» Provided records:
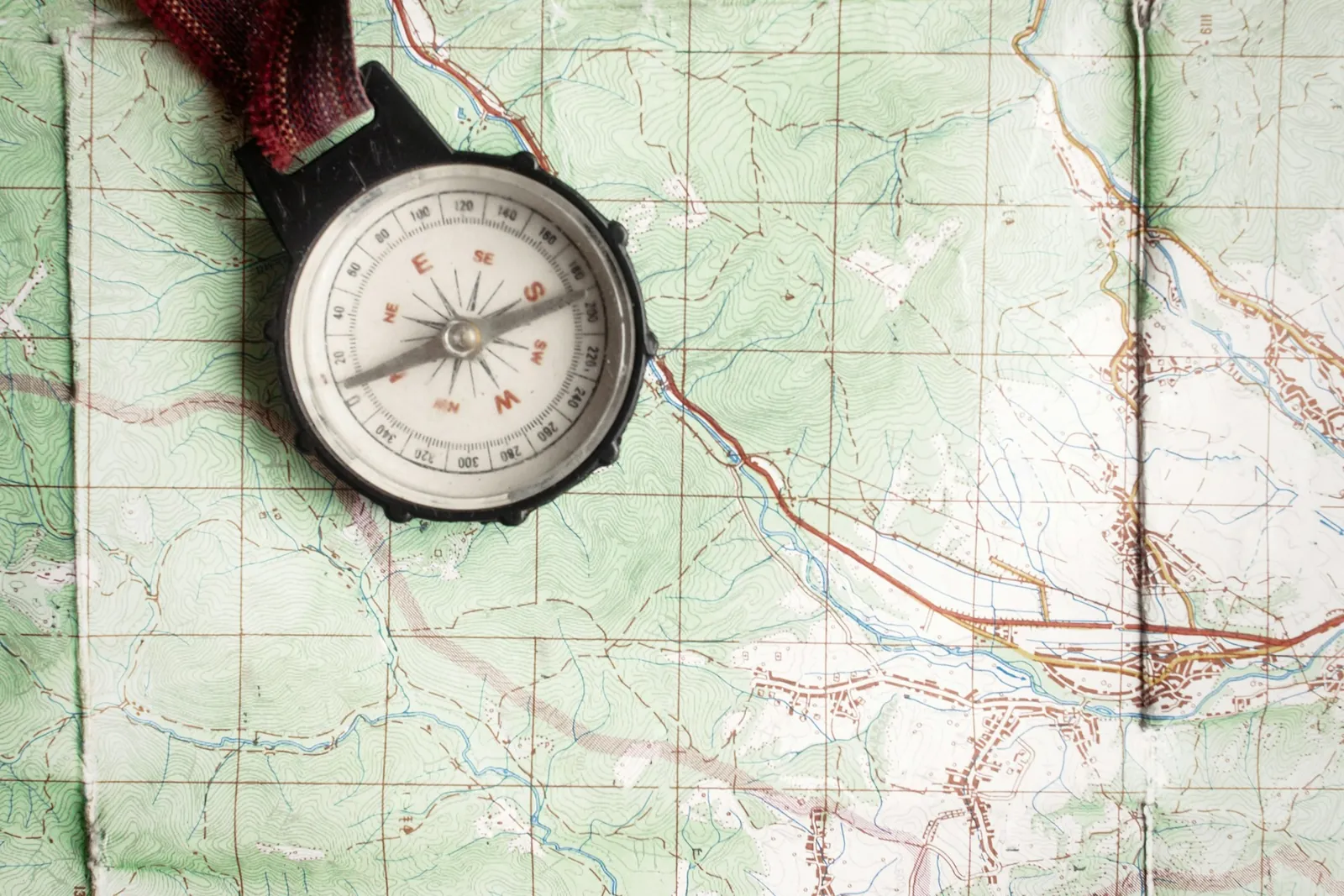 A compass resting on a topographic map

* * *

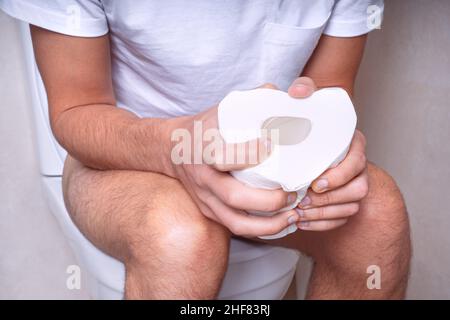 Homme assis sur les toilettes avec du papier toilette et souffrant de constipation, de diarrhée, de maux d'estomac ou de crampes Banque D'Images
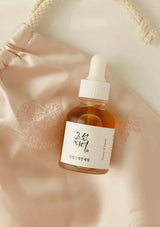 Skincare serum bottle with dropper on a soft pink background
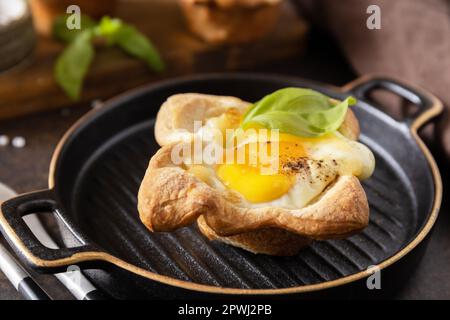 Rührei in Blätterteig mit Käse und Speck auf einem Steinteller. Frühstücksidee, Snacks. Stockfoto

» What you are asked to do:
For the data above, set down exactly the lines from the line with "Homme assis sur" to the line with "Rührei in Blätterteig", both included, leaving pictures out.

» Your solution:
 Homme assis sur les toilettes avec du papier toilette et souffrant de constipation, de diarrhée, de maux d'estomac ou de crampes Banque D'Images
 Skincare serum bottle with dropper on a soft pink background
 Rührei in Blätterteig mit Käse und Speck auf einem Steinteller. Frühstücksidee, Snacks. Stockfoto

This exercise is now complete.